Since the pandemic began, he has used his YouTube channel to promote COVID-19 conspiracy theories. He repeats many of those claims in “Plandemic: Indoctornation.”

In one video from April, Martin referred to Event 201, saying: “COVID-19 is a branded campaign … that is funded by people in the software, data sciences and social media industry. That’s who built COVID-19.”

The gist of Martin’s video was that wealthy philanthropists like Bill Gates, technology companies, pharmaceutical companies and global health organizations colluded to create a virus that would force governments to fund research and development of vaccines and therapies in order to enrich themselves.

For “Plandemic,” though, Martin shifts his focus away from “the software, data sciences and social media industry.” Instead, he takes aim largely at government entities.

Martin claims that the Centers for Disease Control and Prevention saw “the possibility of a gold strike” when the SARS epidemic arose in 2003.

“They saw that a virus they knew could be easily manipulated was something that was very valuable,” he says, pointing to a patent filed by the CDC that year. The patent covered the isolated virus that causes SARS and ways to detect it.

Skimming across the screen while Martin makes that claim is a headline for a November 2003 news story about the race to patent the virus. However, that story doesn’t support his argument. It actually explains that the CDC wasn’t pursuing the patent for profit. Rather, it was doing so to keep others from monopolizing research.

“The whole purpose of the patent is to prevent folks from controlling the technology,” the story quotes CDC spokesman Llelwyn Grant as saying. “This is being done to give the industry and other researchers reasonable access to the samples.”

Similarly, the director of the CDC at the time, Dr.

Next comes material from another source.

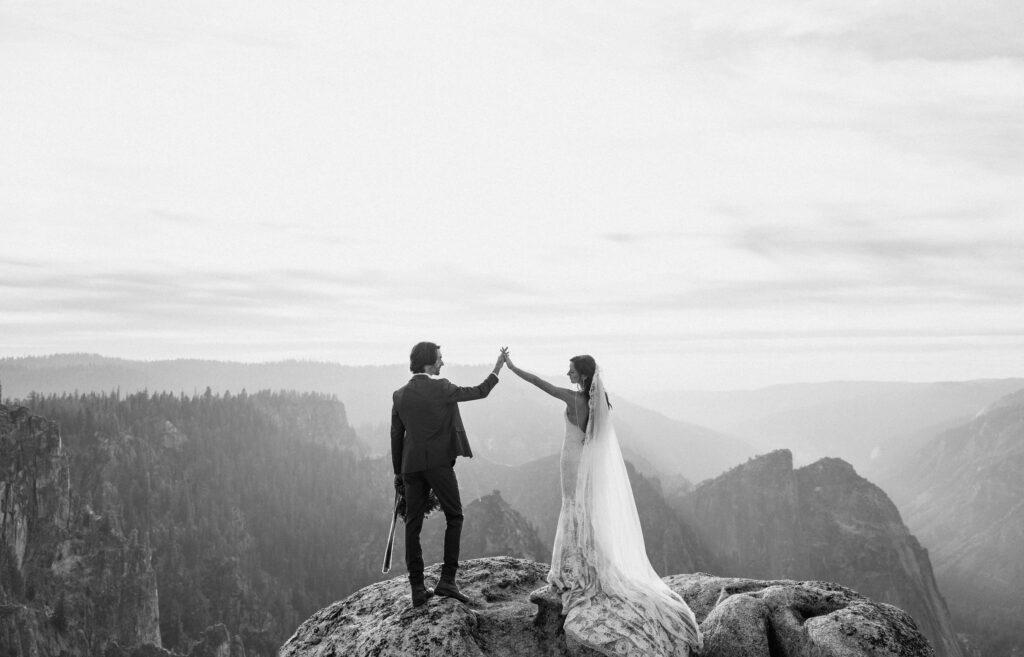 elopement couple holding hands in air surrounded by Yosemite National Park mountain views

Julie Gerberding, told reporters that filing for the patent was “a protective measure to make sure that the access to the virus remains open for everyone.”

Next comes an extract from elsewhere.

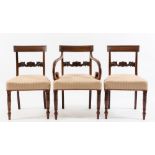 A set of eight late Regency mahogany dining chairs:,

“The concern that the federal government is looking at right now is that we could be locked out of this opportunity to work with this virus if it’s patented by someone else, and so by initiating steps to secure patent rights, we assure that we will be able to continue to make the virus and the products from the virus available in the public domain, and that we can continue to promote the rapid technological transfer of this biomedical information into tools and products that are useful to patients,” Gerberding said in a May 2003 telebriefing.

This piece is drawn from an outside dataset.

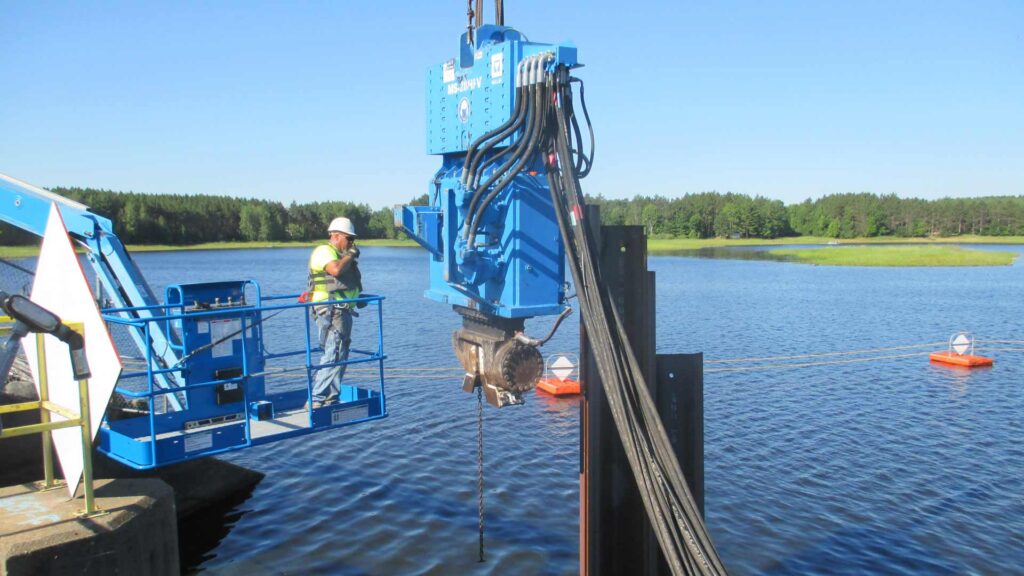 Staab employee working near water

So, Martin’s claim is at odds with the CDC’s publicly stated motivation, and he offers no evidence to support his argument.

Next, Martin claims that federal law wouldn’t have allowed for a patent on that isolated virus.

Again, he’s wrong.

Instead of reading from U.S. patent law, as he says he is in the video, Martin reads from a 2013 U.S. Supreme Court decision. That’s an important distinction since the decision, which changed one aspect of patent law that’s relevant here, came 10 years after the CDC filed for a patent related to the virus that causes SARS.

“Nature is prohibited from being patented,” Martin says, claiming that he was quoting from a section of patent law. Building on that, he claims, “either SARS, coronavirus, was manufactured, therefore making a patent on it legal, or it was natural, therefore making a patent on it illegal.”

But that’s a false dichotomy.

While the Supreme Court did find that “[a] naturally occurring DNA segment is a product of nature and not patent eligible merely because it has been isolated,” that decision came a decade after the CDC sought the patent.

“Isolated genes (that is, genes extracted from a longer DNA sequence) used to be patentable in the past because the courts decided that just the act of extracting them and removing the non-coding segments caused enough of a modification to turn them into patent-eligible things,” Mario Biagioli, a professor at UCLA School of Law, told in an email. “No more.  A few years ago the Supreme Court decided that simply isolating a gene did not change it enough. It remained a ‘product of nature’ and therefore unpatentable.”

So, claiming that the patent is either illegal or the virus was “manufactured” is wrong.